What needs to be done |
Your copy should match the records exactly, apart from the pictures, which stay out.

Dataset content |
********************

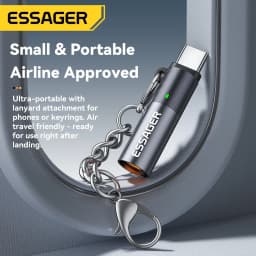 Thumbnail Bật lửa thuốc lá điện Essager Mini Type-C Thích hợp cho điện thoại di động powebank 2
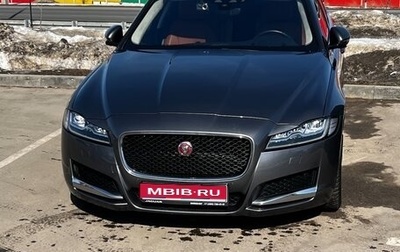 Jaguar XF II, 2018 год, 3 200 000 рублей, 1 фотография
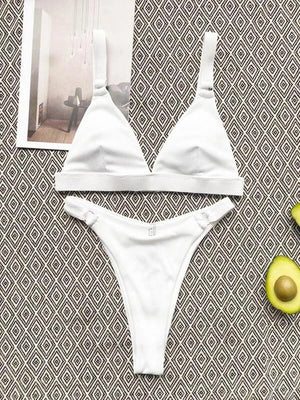 Completo Bikini a Triangolo Brasiliano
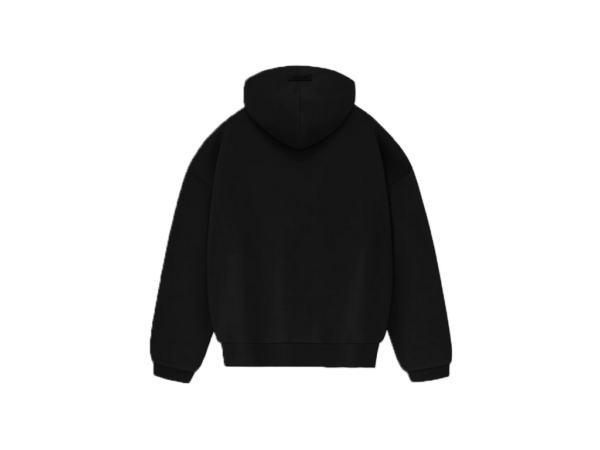 Fear of God Essentials S23 Hoodie Jet Black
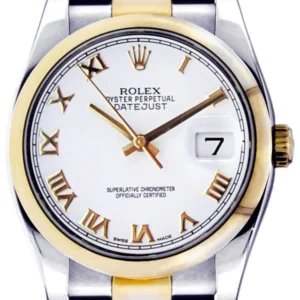 Rolex Datejust | 18K Yellow Gold | 36 Mm
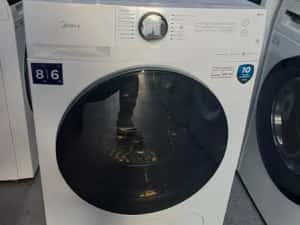 Masina de spalat Midea cu uscator 8kg import Germania Garanție LD159 — miniatura 5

********************

Exercise solution |
 Thumbnail Bật lửa thuốc lá điện Essager Mini Type-C Thích hợp cho điện thoại di động powebank 2
 Jaguar XF II, 2018 год, 3 200 000 рублей, 1 фотография
 Completo Bikini a Triangolo Brasiliano
 Fear of God Essentials S23 Hoodie Jet Black
 Rolex Datejust | 18K Yellow Gold | 36 Mm
 Masina de spalat Midea cu uscator 8kg import Germania Garanție LD159 — miniatura 5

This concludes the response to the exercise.